Tori's father had never been much of a father.

When she was six, her father took her by the hand, put her in his car, and took her to Madam Marie's School of Dance, to learn ballet. And Tori tried, tried so hard, to learn ballet to please her father.

When she was seven, she was trying to imitate some of the older girls by doing one of their jumps. For once, Tori had found something in ballet to love. She loved the power of jumping high in the air, her long blonde hair flying behind her as she envisioned herself as a female superhero, like Wonderwoman.

The older girls didn't like Tori imitating them. They thought she was being presumptuous, and so before Tori could explain she was pretending to be a superhero, they had taken scissors to her beautiful blond hair.

When her mother saw Tori's chopped locks and the tearstained visage of her little girl, she demanded to know what happened. Well versed in bullying etiquette, Tori lied and said she did it herself. She got gum in her hair.

When she was eight, Tori was at the beach with her father and mother. While there, Tori saw two girls on boards, riding the waves and mastering the sea. Tori was instantly enchanted. When the mistresses of the ocean came back on land, the little girl ran up to them, asking questions. Unlike the mean girls of the ballet studio, the girls laughed and offered to let her try.

When she was eight, Tori learned how to fly.

When Tori was nine, she told her father she didn't want to take ballet anymore, and she wanted to surf. Tori's mother had never forgotten the day her daughter came home with chopped hair and tears running down her face, and so her mother pressed the case with her dad. Grudgingly, he let Tori take surfing lessons, but from that point he was never in her life much. It was her mother who bought her first board, her mother who went to her parent-teacher conferences, and it was her mother who approved the ninja school for her little girl.

Tori met Watanbe-sensei when she was fourteen. She'd grown past her father's betrayal, but she had difficultly accepting a male figure of authority. Cam and Tori often fought in the beginning, since Cam didn't understand how you couldn't accept a male figure of authority. But unlike her, Cam couldn't accept a female figure of authority, since he didn't have a mom.

When Tori was fifteen, she failed a class for the first time in her life. Watanabe-sensei found her outside, stifling her tears ("Don't cry, Tori.

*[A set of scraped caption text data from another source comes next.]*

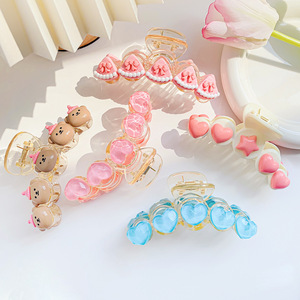 Nouvelle pince à cheveux coréenne 2023 de 10 cm, motif macaron et fruits, mignonne pour filles, grande pince à cheveux pour l'arrière de la tête - Product Image 4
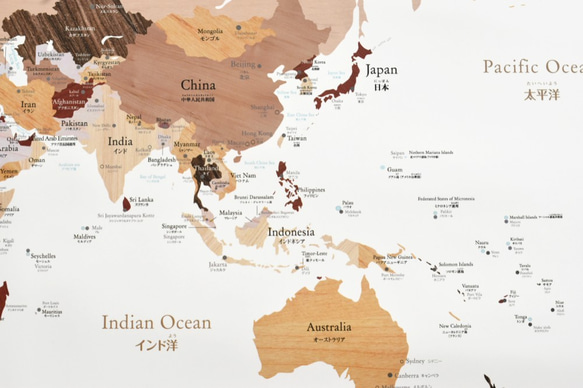 【英語＆日本語表記】木目調のおしゃれな世界地図ポスターA1サイズ　ポスター 5枚目の画像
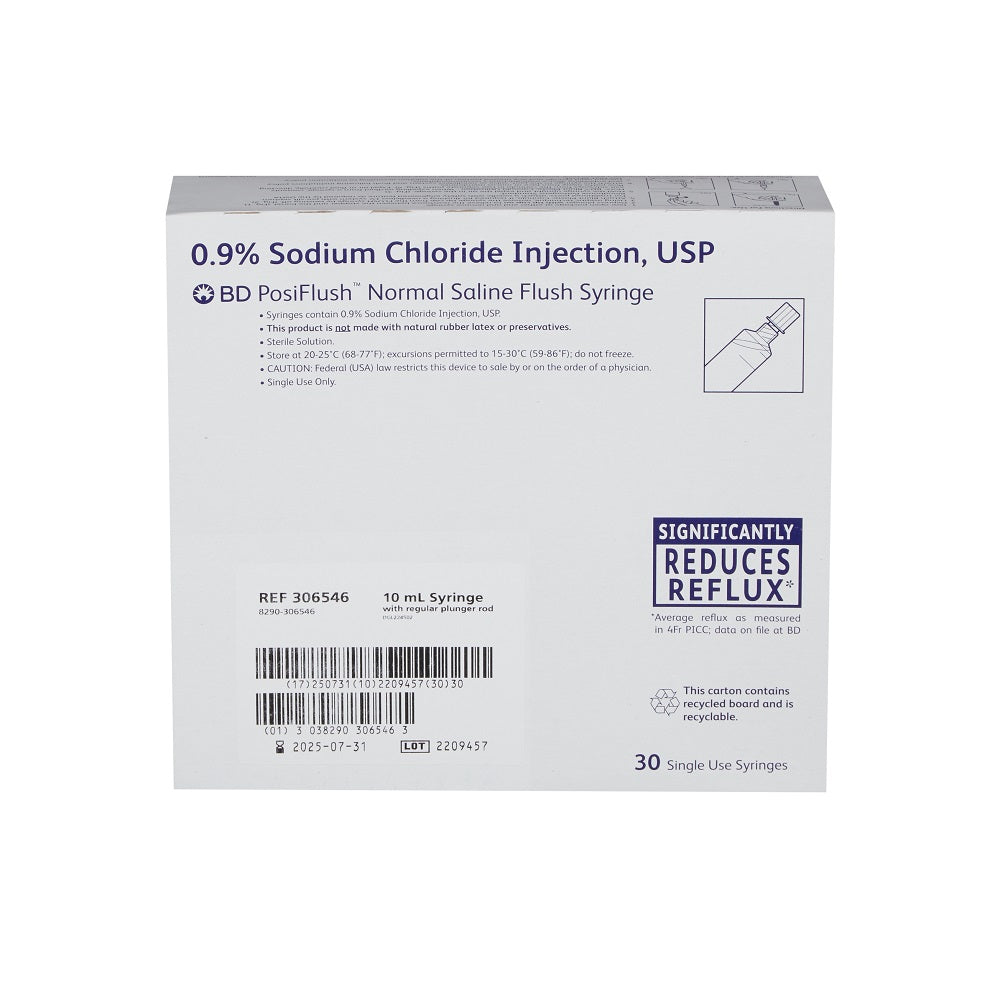 BD 10ml PosiFlush Pre-Filled Saline Syringes, 306592- Box of 30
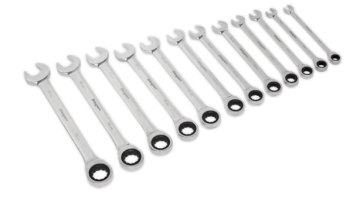 S0634 Ratchet Combination Spanner Wrench Set 12pc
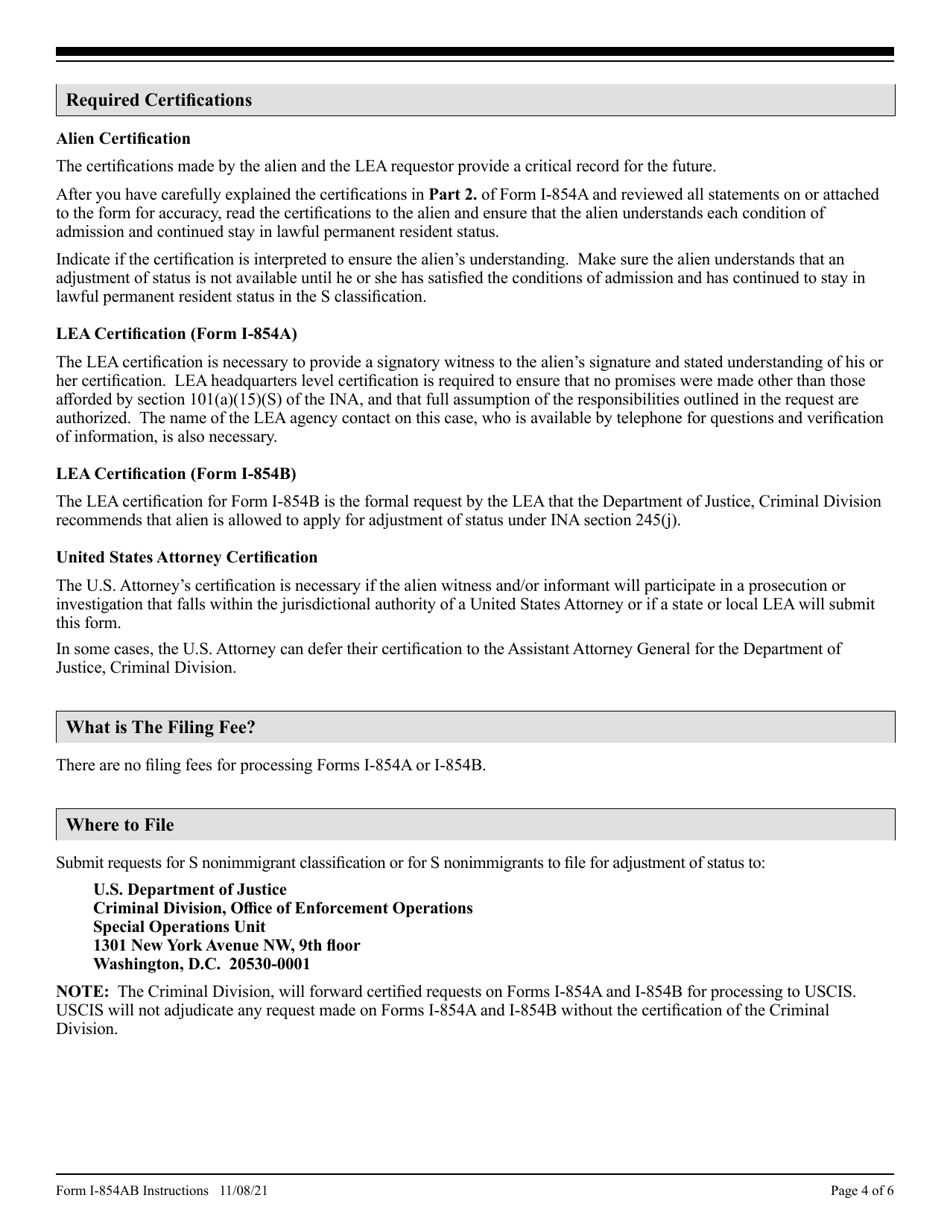 Instructions for USCIS Form I-854A, I-854B, Page 4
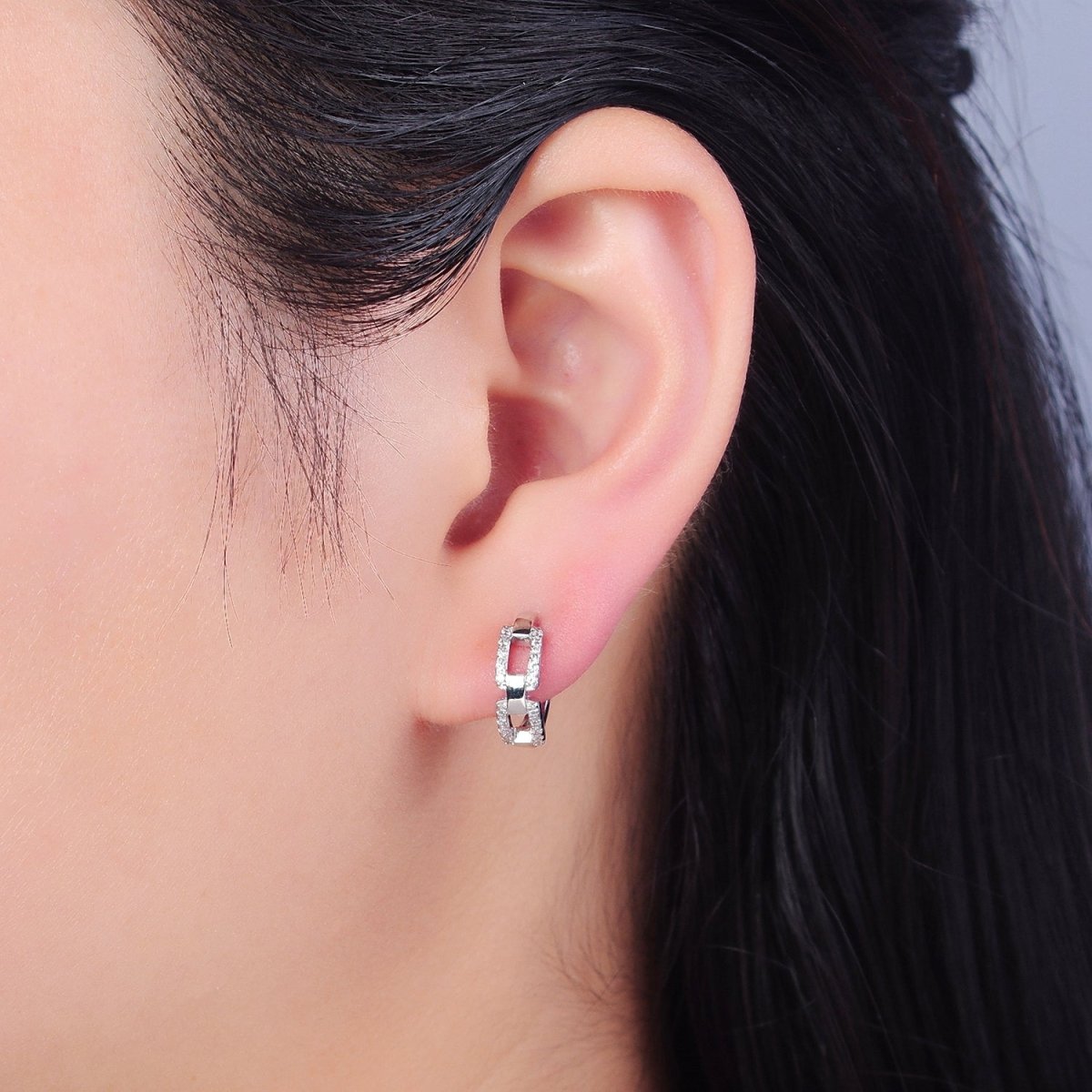 Gold Chain Huggie Hoop Earrings, Gold Chain Link Earrings Pave Chain Shape Hoop Earring T-398 V-130 - DLUXCA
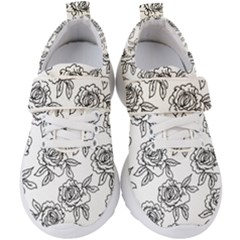 Line Art Black And White Rose Kids  Velcro Strap Shoes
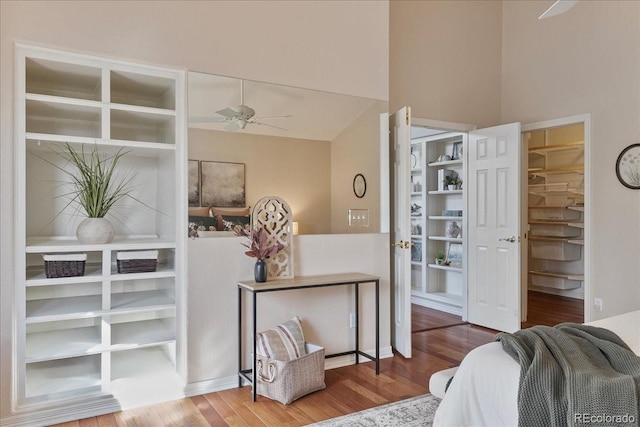 interior space featuring a walk in closet and wood finished floors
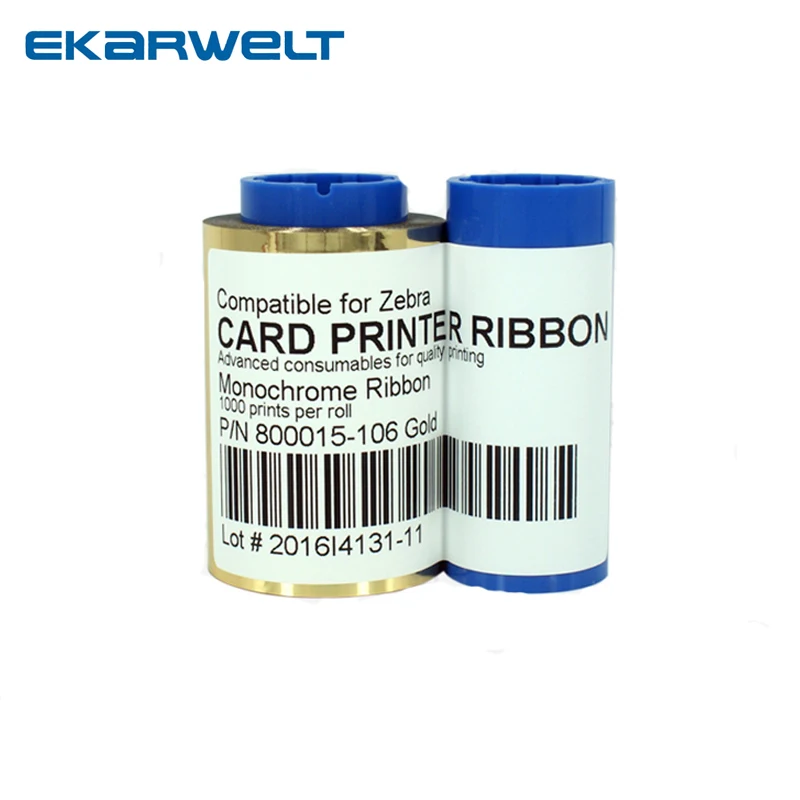 800015-106 Gold Monochrome Ribbon For Zebra iSeries ID Card Printer 1000 Prints P310i P430i P330i p420i p520i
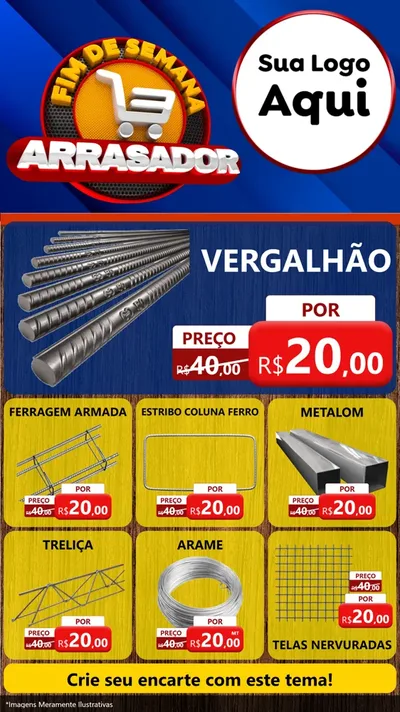Modelo de Rede Social para Stories com o tema Fim De Semana Arrasador para Ferragens
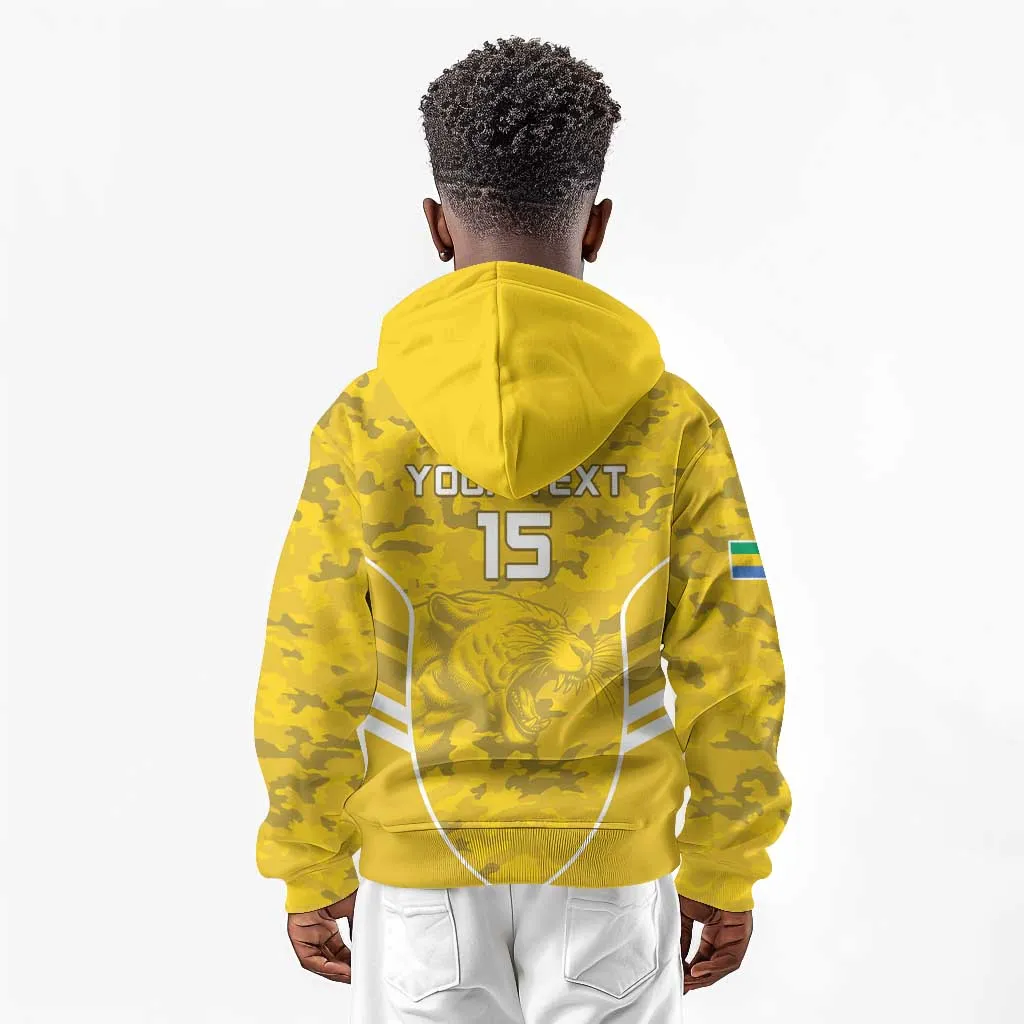 Custom Gabon Football Kid Hoodie Go Les Pantheres LT15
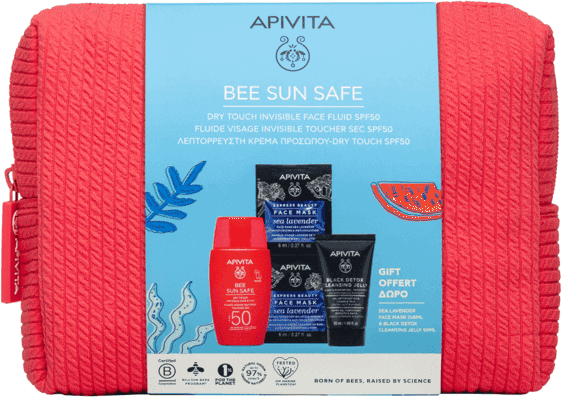 Apivita Bee Sun Safe Cofanetto PROMO Fluido Viso SPF50 In Regalo Gel Detergente Nero + Maschera Viso + Pochette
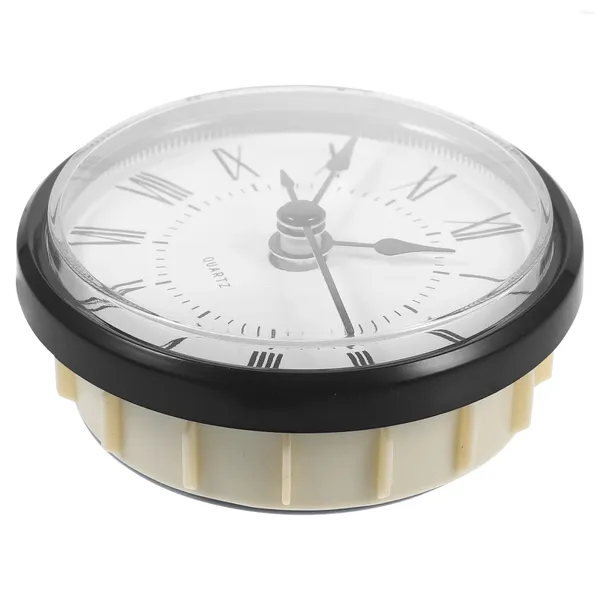 Horloges Accessoires Horloge ronde INSERT 3 pouces Quartz Fit-up Mouvement Temps Blanc Cadrée Blanc Black Trim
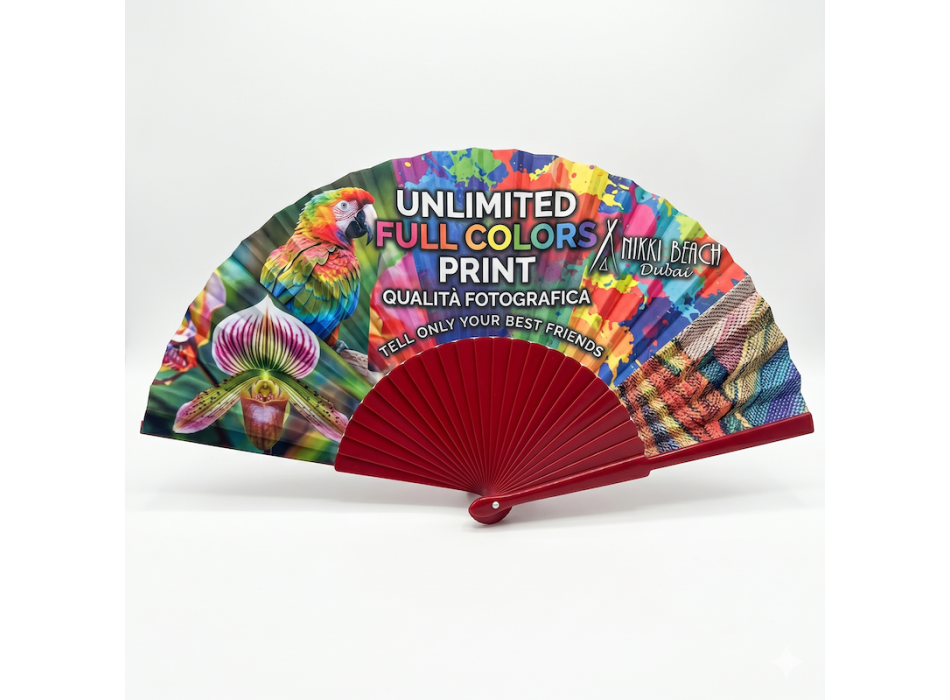 Ventaglio stampato intera superficie plastica - 23 cm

Crying is weakness. And my daughter isn't weak!). He explained that bo training wasn't her forte, and that was okay. Did she want to learn the swords instead? There was a special kind of katana that was for girls only.

From that point on, Watanabe-sensei became her father figure. When Tori won an under-sixteen competition for girl surfers, Sensei was the first to know. When Tori slipped up and hit a fellow student when he mocked her for her less-than-adequate bo skills, Sensei punished the both of them equally.

In many ways, Sensei took the position of the father that her own dad had abandoned when she was nine. Sensei never met Mr. Hanson, and Tori didn't want him to. If there was anything she could dislike about Sensei, it was his proclivity to see too much and sympathize even more. She didn't want his pity.

So imagine Tori's surprise when she came home one day and saw Sensei having tea with her father. Her father, who loathed anything that could possibly be linked to girliness and thus weakness. That same man having tea with her ninja teacher.

It boggled her mind.

Cray Hanson didn't even look sullen. With a slight smile, he waved his daughter over to join them. Tori walked up the steps to the porch slowly, glaring at her teacher. He smiled enigmatically.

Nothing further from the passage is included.